At first, what we had done didn’t matter. What was left of August trickled through our fingers in the same idle way every summer vacation did. We still gathered haphazardly almost every morning in the park. Only a block or two wide, the park curved and twisted through our neighborhood for maybe two miles before ending at the river. It was easy to find each other there. Someone might bring a basketball and we’d play on the half-court that used to be a tennis court. The pedestrian walkway over Riverside Boulevard was clogged with ivy and we’d climb it like ropes. We’d wander the pathways of the park and pelt each other with empties left by older kids or dirt clods we harvested from the little baseball diamond.
In the afternoons the humidity dulled us and we would retreat to the dingy community swimming pool, hardly larger than some backyard pools. Becky the lifeguard was sixteen, four years older than the oldest of us, a different species. She would drag out a wobbly fan from the storage shed and angle it up toward where she sat above us in her lifeguard chair, limbs splayed. The pool had something tired about it that we didn’t bother to resist, floating idly and burping from vending machine sodas.

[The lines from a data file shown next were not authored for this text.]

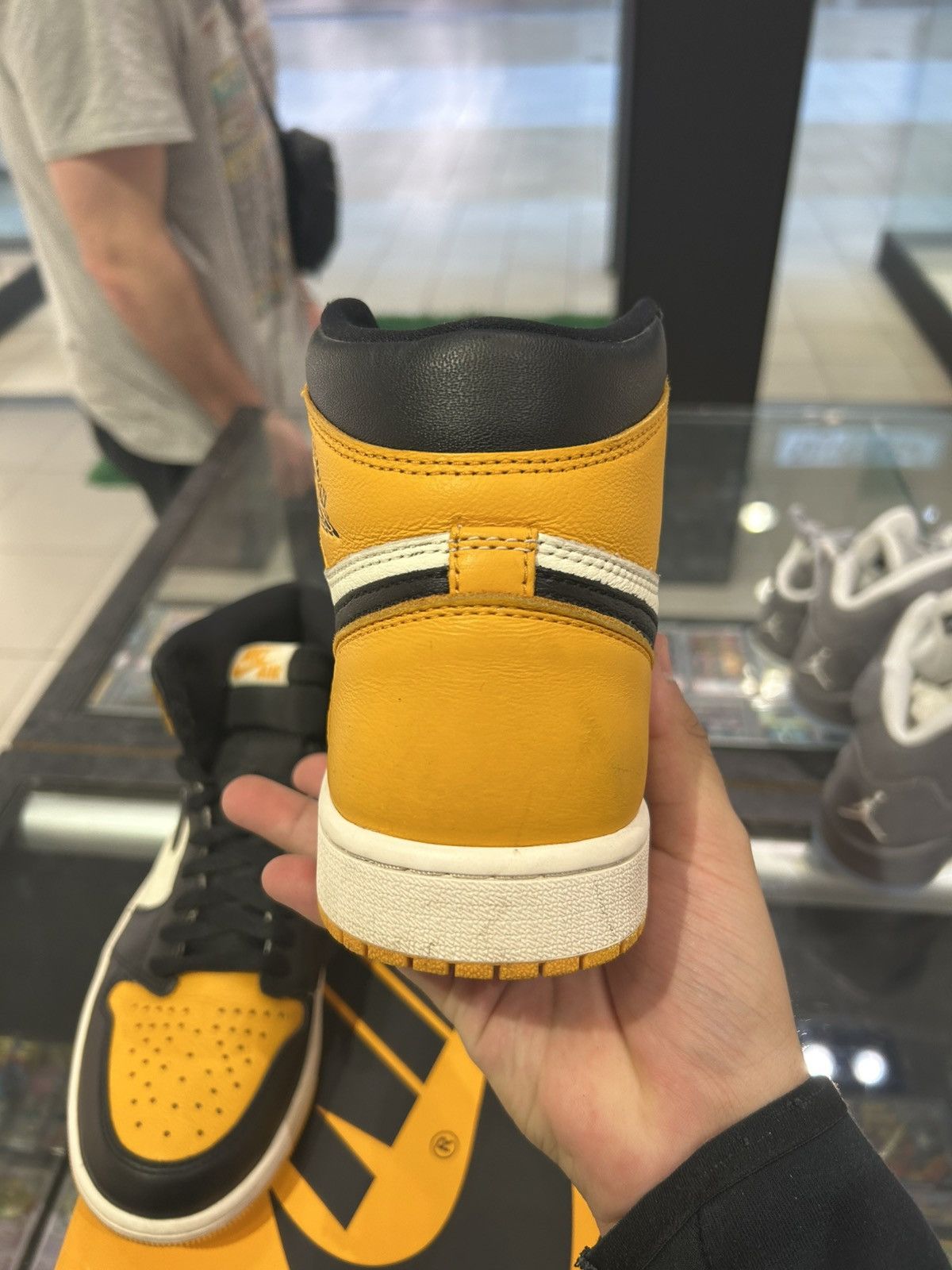 Jordan Brand Jordan 1 retro Taxi 2022 Size US 8 / EU 41 - 3 Thumbnail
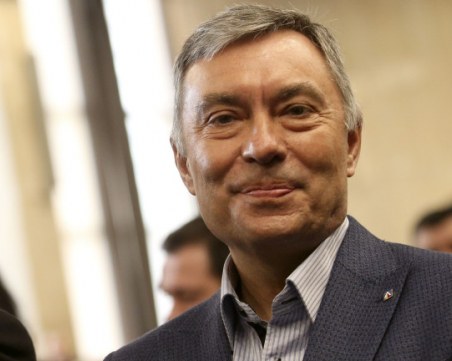 Дясната ръка на Божков обяви кога Сираков ще получи акциите на Левски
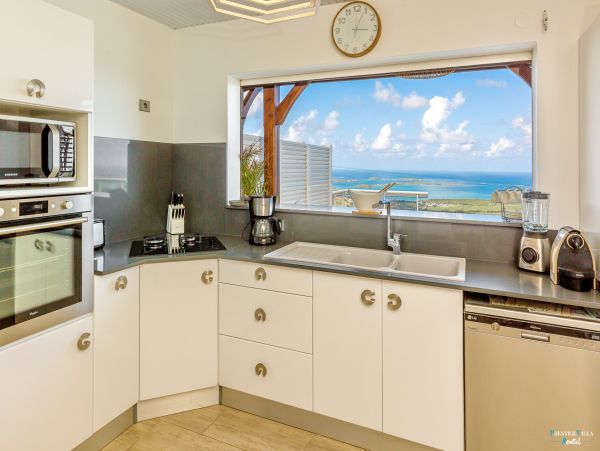 Martinique Home 980563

We were a rotating cast of kids, a mix of regulars and randoms. Someone wouldn’t show for a week, only to reappear talking about their dad’s new house and the R-rated movies they got to watch there. Or someone would arrive shadowed by a pair of cousins visiting from Modesto or Fresno or Nevada, kicking at the ground and not making eye contact. It was just whoever showed up at the park in the morning, really. So for the first few days it didn’t seem to matter that Hansen wasn’t there anymore. Then September came and it started to feel strange.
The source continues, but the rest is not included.